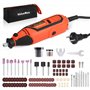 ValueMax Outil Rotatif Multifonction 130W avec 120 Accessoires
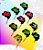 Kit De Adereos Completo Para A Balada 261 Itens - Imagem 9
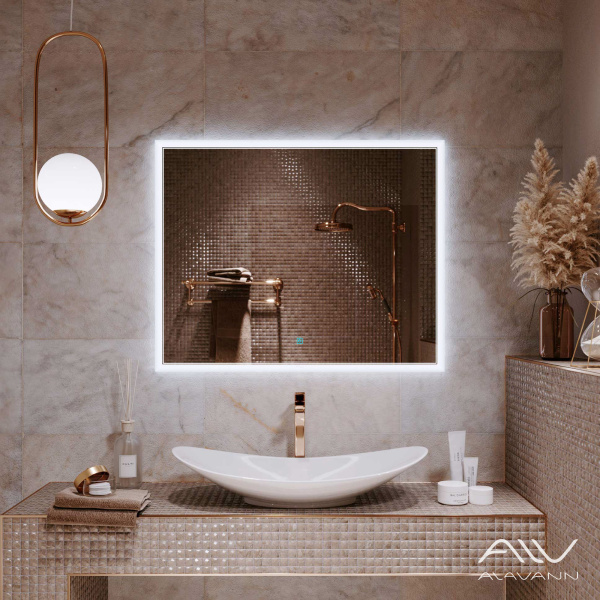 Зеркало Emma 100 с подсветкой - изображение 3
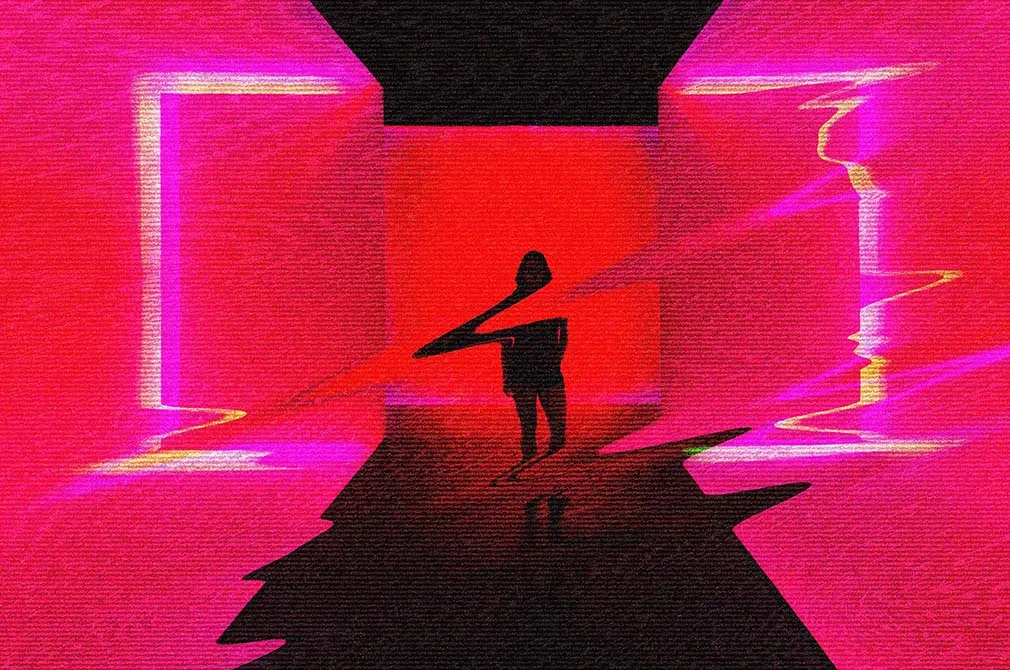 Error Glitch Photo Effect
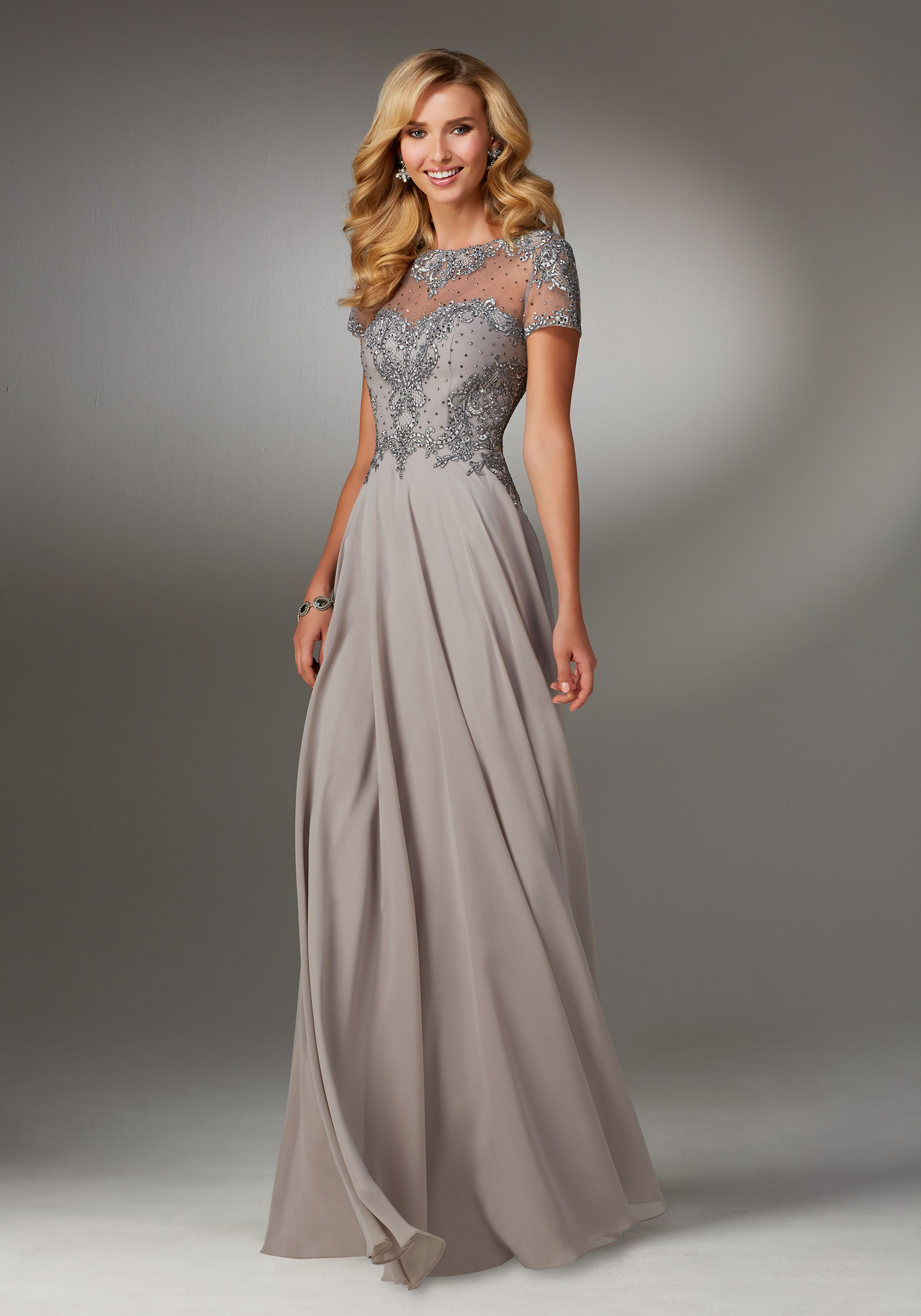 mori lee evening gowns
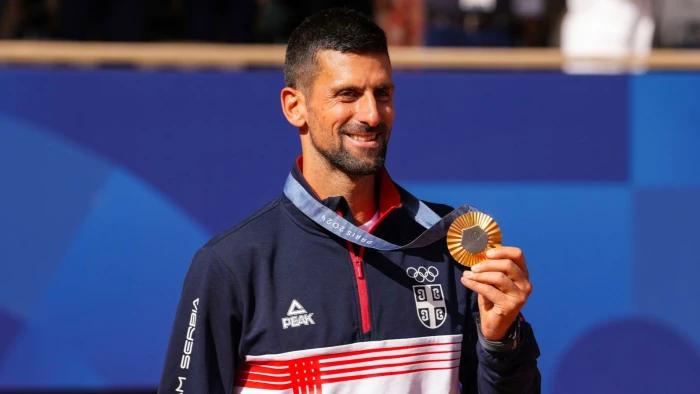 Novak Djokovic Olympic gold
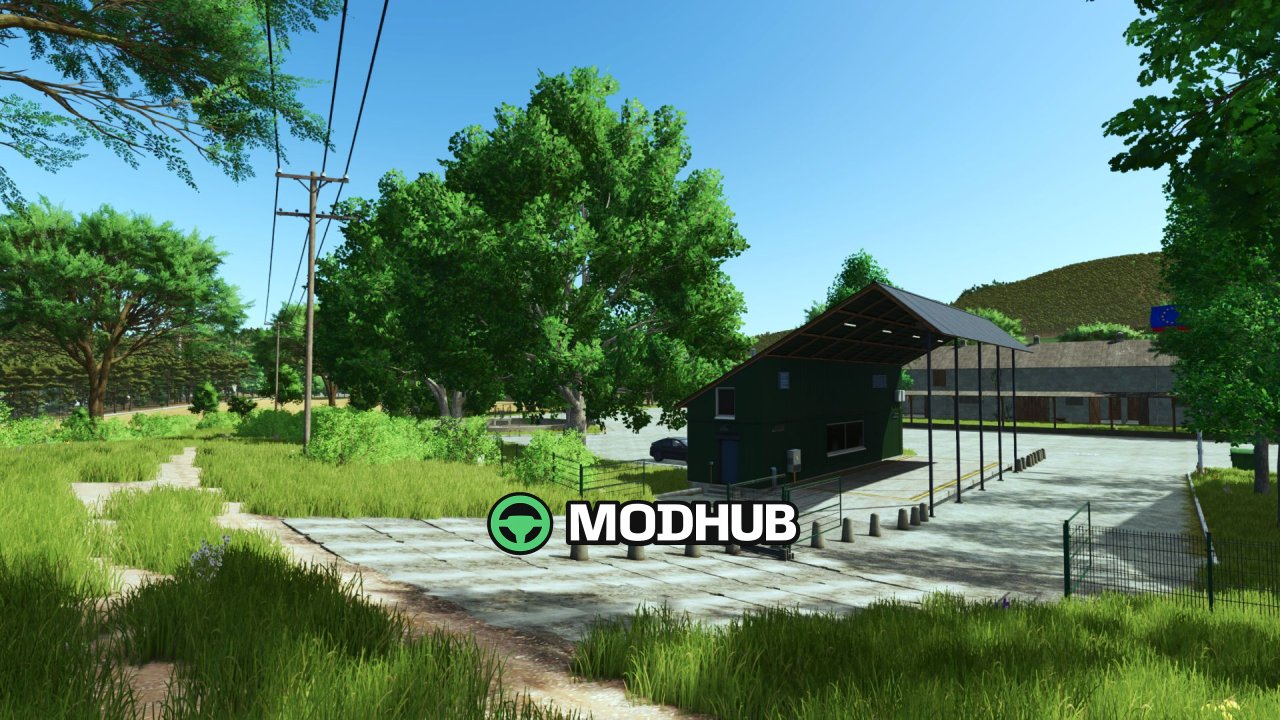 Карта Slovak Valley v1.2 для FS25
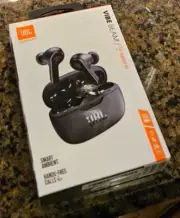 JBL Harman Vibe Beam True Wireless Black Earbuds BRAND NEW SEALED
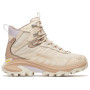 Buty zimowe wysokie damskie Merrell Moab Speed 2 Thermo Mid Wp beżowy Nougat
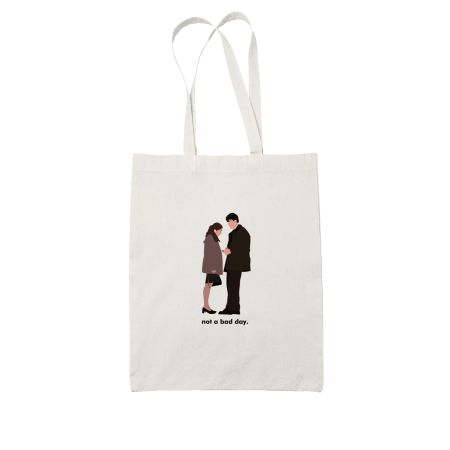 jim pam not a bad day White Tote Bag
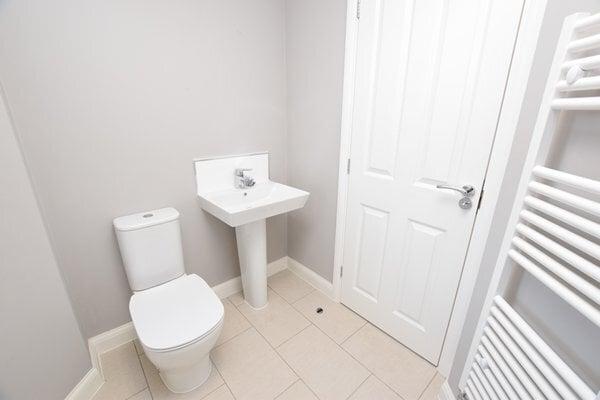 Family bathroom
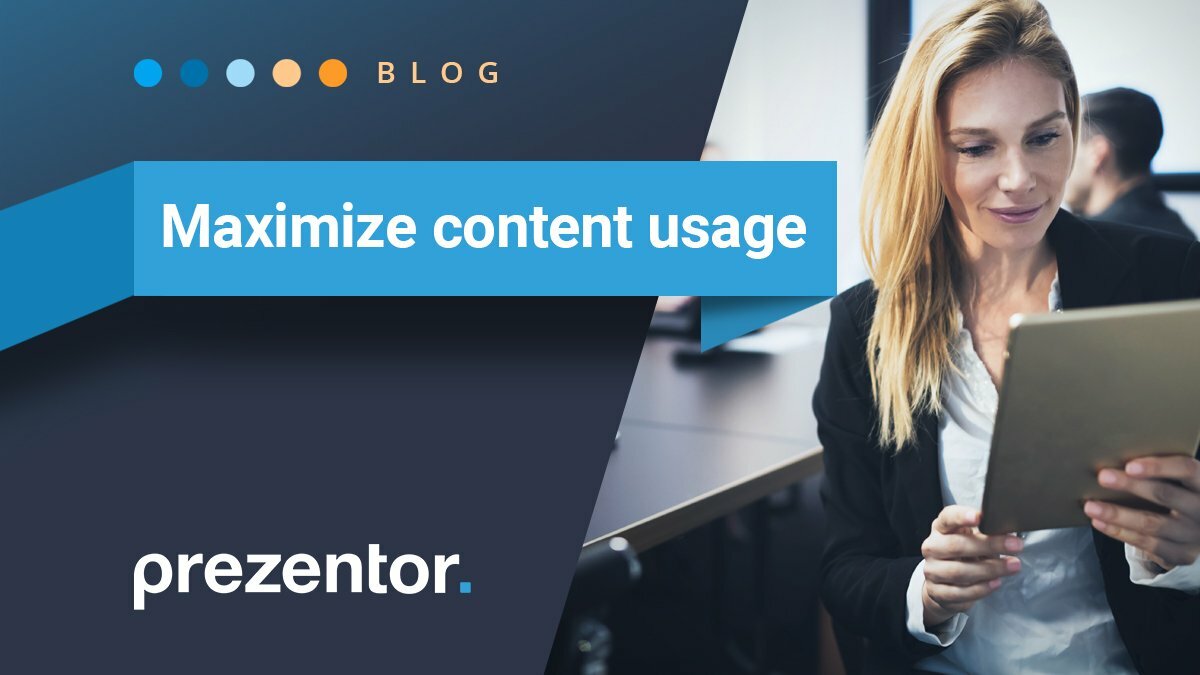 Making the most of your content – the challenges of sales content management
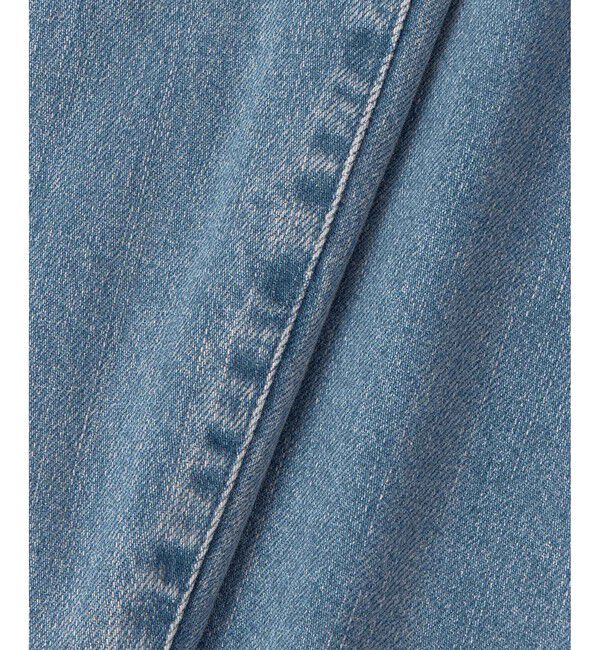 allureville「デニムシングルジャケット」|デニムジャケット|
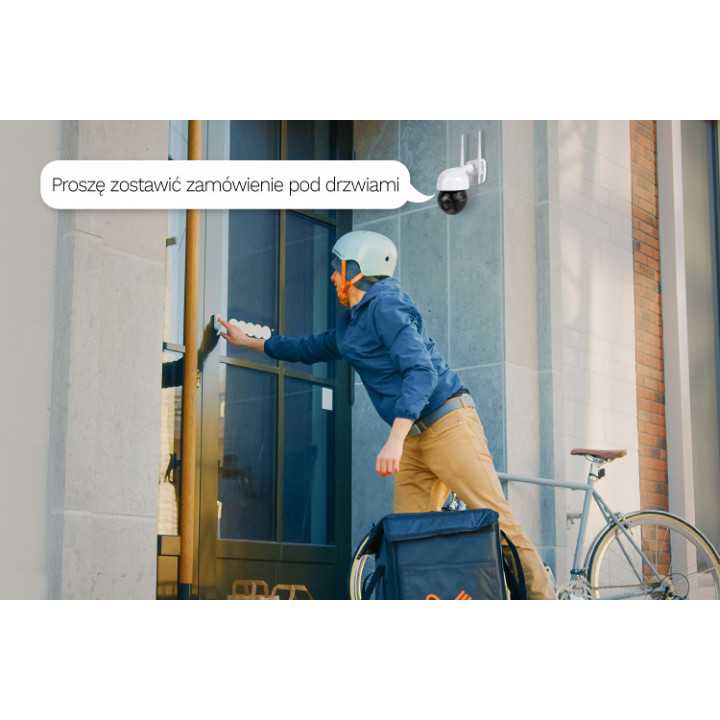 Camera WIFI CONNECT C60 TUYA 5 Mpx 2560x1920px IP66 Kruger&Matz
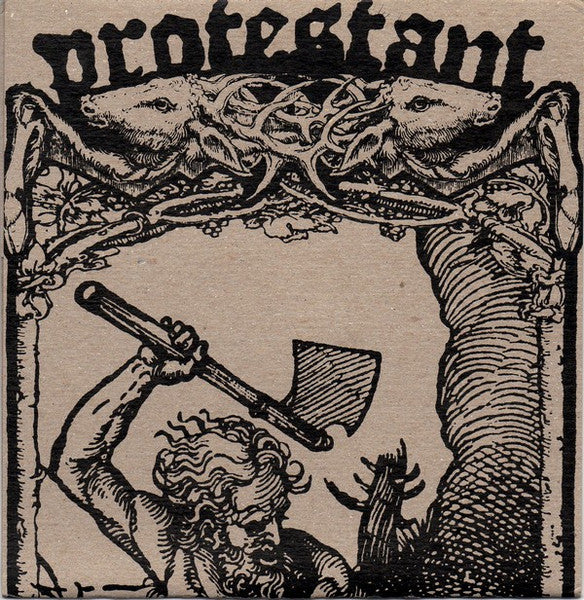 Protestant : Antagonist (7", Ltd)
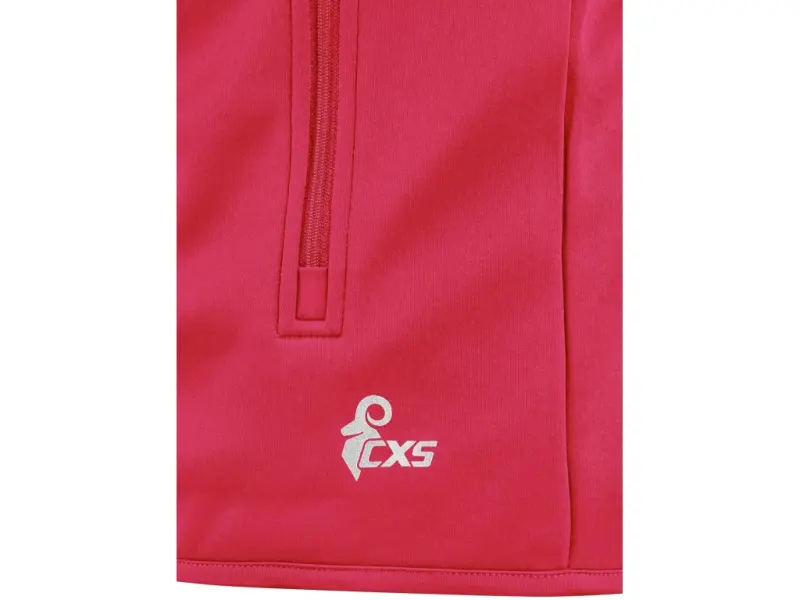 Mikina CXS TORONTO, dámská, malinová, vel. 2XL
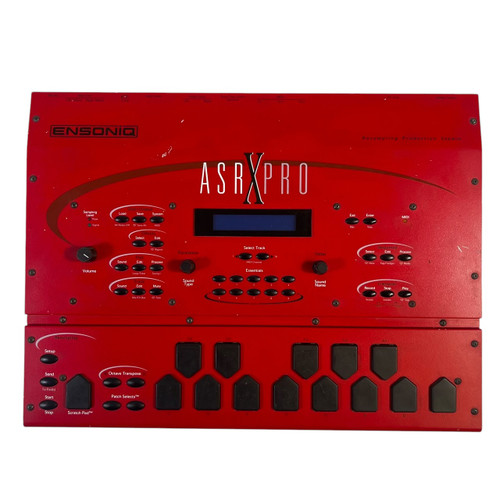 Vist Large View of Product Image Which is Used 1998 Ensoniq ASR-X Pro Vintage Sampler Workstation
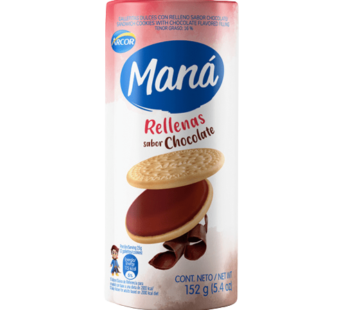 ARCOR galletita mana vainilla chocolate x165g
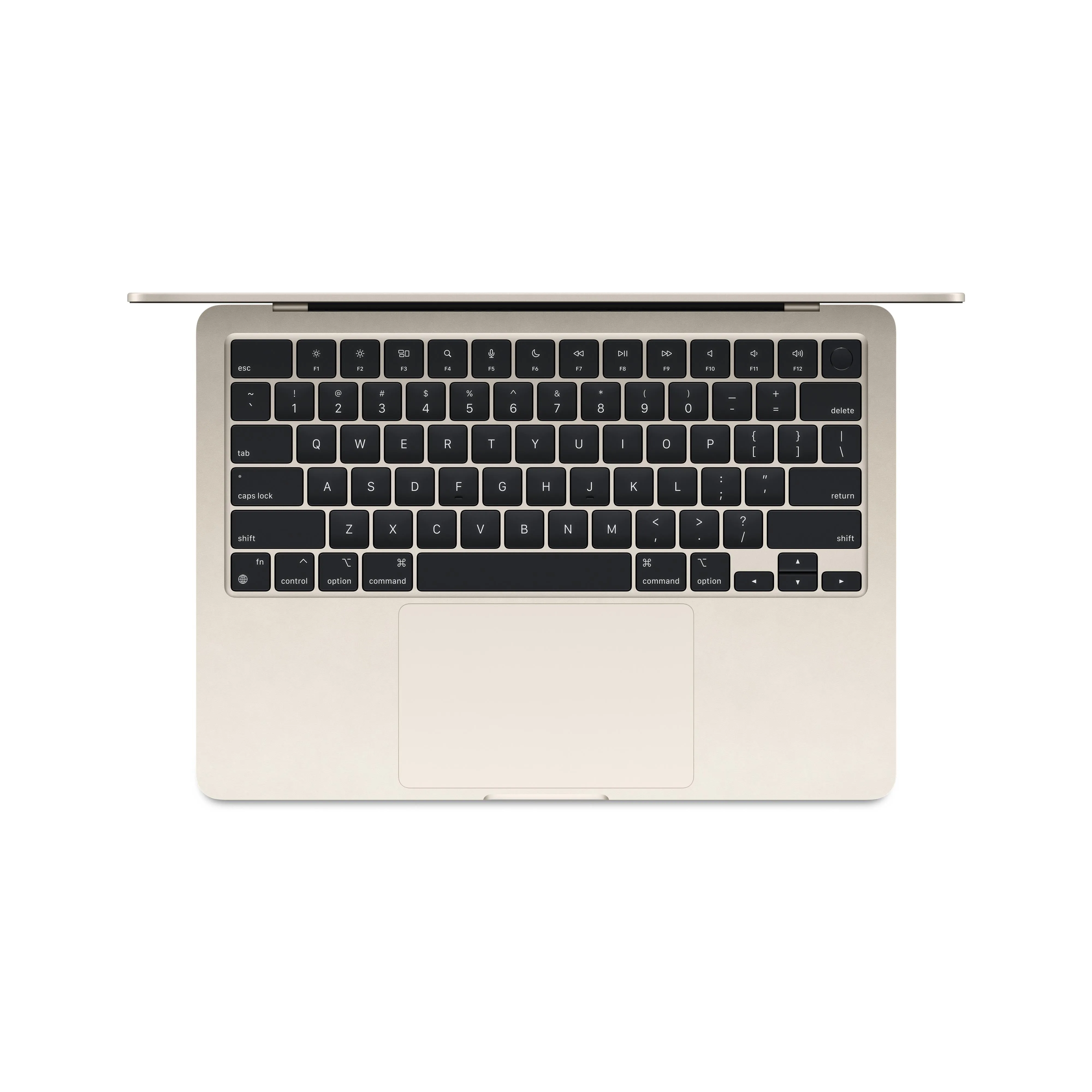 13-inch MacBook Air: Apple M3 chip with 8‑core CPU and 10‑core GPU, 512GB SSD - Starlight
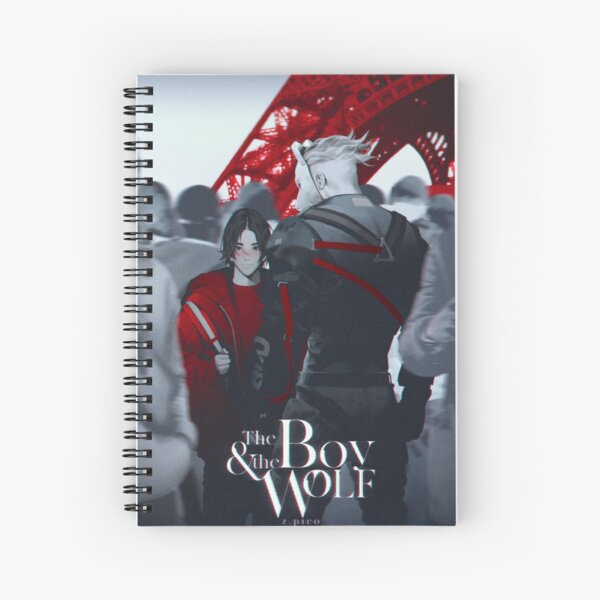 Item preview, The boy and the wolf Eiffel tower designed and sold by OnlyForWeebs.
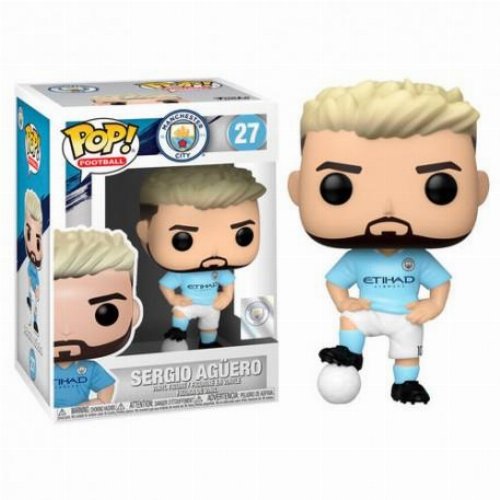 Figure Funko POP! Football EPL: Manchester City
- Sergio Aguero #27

Required work:
With the images excluded, reproduce the data above precisely as written.

Result:
 ValueMax Outil Rotatif Multifonction 130W avec 120 Accessoires
 Kit De Adereos Completo Para A Balada 261 Itens - Imagem 9
 Зеркало Emma 100 с подсветкой - изображение 3
 Error Glitch Photo Effect
 mori lee evening gowns
 Novak Djokovic Olympic gold
 Карта Slovak Valley v1.2 для FS25
 JBL Harman Vibe Beam True Wireless Black Earbuds BRAND NEW SEALED
 Buty zimowe wysokie damskie Merrell Moab Speed 2 Thermo Mid Wp beżowy Nougat
 jim pam not a bad day White Tote Bag
 Family bathroom
 Making the most of your content – the challenges of sales content management
 allureville「デニムシングルジャケット」|デニムジャケット|
 Camera WIFI CONNECT C60 TUYA 5 Mpx 2560x1920px IP66 Kruger&Matz
 Protestant : Antagonist (7", Ltd)
 Mikina CXS TORONTO, dámská, malinová, vel. 2XL
 Vist Large View of Product Image Which is Used 1998 Ensoniq ASR-X Pro Vintage Sampler Workstation
 ARCOR galletita mana vainilla chocolate x165g
 13-inch MacBook Air: Apple M3 chip with 8‑core CPU and 10‑core GPU, 512GB SSD - Starlight
 Item preview, The boy and the wolf Eiffel tower designed and sold by OnlyForWeebs.
 Figure Funko POP! Football EPL: Manchester City
- Sergio Aguero #27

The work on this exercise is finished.